The separation seems to have improved, but there are some overlaps between different clusters, and the islands are still formed around keywords and keyphrases.

Latent Dirichlet Allocation (LDA)

Next we're going to use a well-known topic modeling algorithm called LDA, to uncover the latent topics in the tweets, and then wet're going to use the topic distributions for each document as a measure to group similar tweets together.

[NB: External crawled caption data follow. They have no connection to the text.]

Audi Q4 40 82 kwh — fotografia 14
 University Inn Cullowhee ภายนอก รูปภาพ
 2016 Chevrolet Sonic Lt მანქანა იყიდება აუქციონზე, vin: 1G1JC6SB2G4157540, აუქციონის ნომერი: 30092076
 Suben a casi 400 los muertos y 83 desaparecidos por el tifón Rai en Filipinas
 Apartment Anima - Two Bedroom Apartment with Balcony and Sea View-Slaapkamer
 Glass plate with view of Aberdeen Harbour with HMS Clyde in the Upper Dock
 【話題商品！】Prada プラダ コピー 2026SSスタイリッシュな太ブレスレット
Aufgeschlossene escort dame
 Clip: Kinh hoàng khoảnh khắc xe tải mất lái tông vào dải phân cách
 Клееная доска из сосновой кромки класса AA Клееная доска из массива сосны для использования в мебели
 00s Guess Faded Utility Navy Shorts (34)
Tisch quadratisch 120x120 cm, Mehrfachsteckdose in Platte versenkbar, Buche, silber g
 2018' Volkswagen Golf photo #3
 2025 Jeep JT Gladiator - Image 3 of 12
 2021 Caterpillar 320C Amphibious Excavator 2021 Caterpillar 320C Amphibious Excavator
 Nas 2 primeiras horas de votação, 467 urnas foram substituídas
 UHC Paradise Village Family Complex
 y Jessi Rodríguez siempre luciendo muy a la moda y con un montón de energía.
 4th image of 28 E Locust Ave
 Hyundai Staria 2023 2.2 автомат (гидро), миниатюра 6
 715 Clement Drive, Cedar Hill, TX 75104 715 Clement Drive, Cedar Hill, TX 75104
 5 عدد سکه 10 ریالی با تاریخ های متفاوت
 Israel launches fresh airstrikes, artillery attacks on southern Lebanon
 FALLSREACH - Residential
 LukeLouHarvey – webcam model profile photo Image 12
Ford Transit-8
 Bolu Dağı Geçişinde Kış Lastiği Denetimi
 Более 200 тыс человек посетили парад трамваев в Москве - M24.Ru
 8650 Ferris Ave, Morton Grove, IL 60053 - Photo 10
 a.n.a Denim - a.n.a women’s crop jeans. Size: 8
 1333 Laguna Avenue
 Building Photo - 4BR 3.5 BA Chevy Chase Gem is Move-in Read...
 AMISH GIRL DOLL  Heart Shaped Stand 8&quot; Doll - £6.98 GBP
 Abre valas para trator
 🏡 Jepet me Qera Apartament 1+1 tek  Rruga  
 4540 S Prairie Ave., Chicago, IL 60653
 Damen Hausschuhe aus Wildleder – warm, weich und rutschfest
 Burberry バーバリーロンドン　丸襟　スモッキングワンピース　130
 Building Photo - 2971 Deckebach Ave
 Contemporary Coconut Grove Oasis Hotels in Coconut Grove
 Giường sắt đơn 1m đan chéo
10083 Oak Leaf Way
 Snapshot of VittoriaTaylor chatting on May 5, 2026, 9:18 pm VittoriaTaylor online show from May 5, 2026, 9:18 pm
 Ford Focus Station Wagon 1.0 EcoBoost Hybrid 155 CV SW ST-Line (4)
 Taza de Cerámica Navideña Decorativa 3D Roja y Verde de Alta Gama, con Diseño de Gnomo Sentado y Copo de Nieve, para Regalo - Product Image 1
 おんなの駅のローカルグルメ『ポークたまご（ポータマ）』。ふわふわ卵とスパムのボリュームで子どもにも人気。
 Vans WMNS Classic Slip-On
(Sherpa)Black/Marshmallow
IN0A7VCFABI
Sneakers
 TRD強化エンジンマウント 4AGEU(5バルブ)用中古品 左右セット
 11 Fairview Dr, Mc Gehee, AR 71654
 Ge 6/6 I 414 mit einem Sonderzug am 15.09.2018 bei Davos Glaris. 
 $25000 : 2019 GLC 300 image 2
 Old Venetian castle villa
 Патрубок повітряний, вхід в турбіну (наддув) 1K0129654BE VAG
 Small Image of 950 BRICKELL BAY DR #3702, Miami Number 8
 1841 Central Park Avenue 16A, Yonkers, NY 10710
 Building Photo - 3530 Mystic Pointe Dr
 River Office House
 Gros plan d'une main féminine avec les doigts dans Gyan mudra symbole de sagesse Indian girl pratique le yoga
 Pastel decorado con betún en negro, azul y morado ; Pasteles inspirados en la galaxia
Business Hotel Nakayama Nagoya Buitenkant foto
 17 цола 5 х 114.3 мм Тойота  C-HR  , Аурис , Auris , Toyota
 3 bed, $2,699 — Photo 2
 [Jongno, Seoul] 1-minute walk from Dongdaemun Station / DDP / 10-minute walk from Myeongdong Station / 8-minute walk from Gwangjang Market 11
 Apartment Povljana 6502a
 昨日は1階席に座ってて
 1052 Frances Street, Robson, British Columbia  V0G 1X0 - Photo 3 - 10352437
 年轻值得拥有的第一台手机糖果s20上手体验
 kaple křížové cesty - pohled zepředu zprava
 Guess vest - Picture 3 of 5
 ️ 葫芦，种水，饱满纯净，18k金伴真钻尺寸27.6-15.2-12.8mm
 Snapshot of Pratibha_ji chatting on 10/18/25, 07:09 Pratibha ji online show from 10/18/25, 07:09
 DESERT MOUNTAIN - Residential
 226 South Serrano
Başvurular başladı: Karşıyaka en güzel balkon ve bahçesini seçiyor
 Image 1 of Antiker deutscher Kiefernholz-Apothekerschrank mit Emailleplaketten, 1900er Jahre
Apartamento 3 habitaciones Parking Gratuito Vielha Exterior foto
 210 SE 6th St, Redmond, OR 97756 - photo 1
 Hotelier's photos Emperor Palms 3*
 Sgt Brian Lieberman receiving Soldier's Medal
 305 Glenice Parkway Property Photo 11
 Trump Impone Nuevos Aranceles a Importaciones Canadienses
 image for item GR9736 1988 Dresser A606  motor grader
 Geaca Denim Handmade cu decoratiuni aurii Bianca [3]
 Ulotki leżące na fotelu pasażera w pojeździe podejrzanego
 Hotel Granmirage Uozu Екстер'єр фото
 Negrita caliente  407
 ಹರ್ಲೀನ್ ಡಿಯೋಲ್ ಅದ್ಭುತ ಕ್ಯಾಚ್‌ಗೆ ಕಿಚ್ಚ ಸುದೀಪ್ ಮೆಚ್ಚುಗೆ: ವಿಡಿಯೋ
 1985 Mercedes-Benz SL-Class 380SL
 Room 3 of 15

First we vectorize our data by representing each tweet as a 10k dimensional vector whose indices correspond to the 10k most frequent terms in our corpus. We then feed this 77,000 x 10,000 feature matrix into LDA to detect the latent topics in our data. While there are non-parametric alternatives available, the classic version of LDA allows us to specify the number of topics that we want to discover upfront. We run LDA for 2,000 iterations to identify 15 topics and receive a 77k x 15 matrix of topic distributions of our tweets.


In [19]:
import lda
from sklearn.feature_extraction.text import CountVectorizer

cvectorizer = CountVectorizer(min_df=4, max_features=10000, stop_words='english')
cvz = cvectorizer.fit_transform(tweet_texts_processed)

n_topics = 15
n_iter = 2000
lda_model = lda.LDA(n_topics=n_topics, n_iter=n_iter)
X_topics = lda_model.fit_transform(cvz)


WARNING:lda:all zero row in document-term matrix found

Let us now look at those topics in more detail. Specifically, we can inspect the words that are most relevant to a topic. We save these words as topic summaries for later.


In [20]:
n_top_words = 8
topic_summaries = []

topic_word = lda_model.topic_word_  # get the topic words
vocab = cvectorizer.get_feature_names()
for i, topic_dist in enumerate(topic_word):
    topic_words = np.array(vocab)[np.argsort(topic_dist)][:-(n_top_words+1):-1]
    topic_summaries.append(' '.join(topic_words))
    print('Topic {}: {}'.format(i, ' '.join(topic_words)))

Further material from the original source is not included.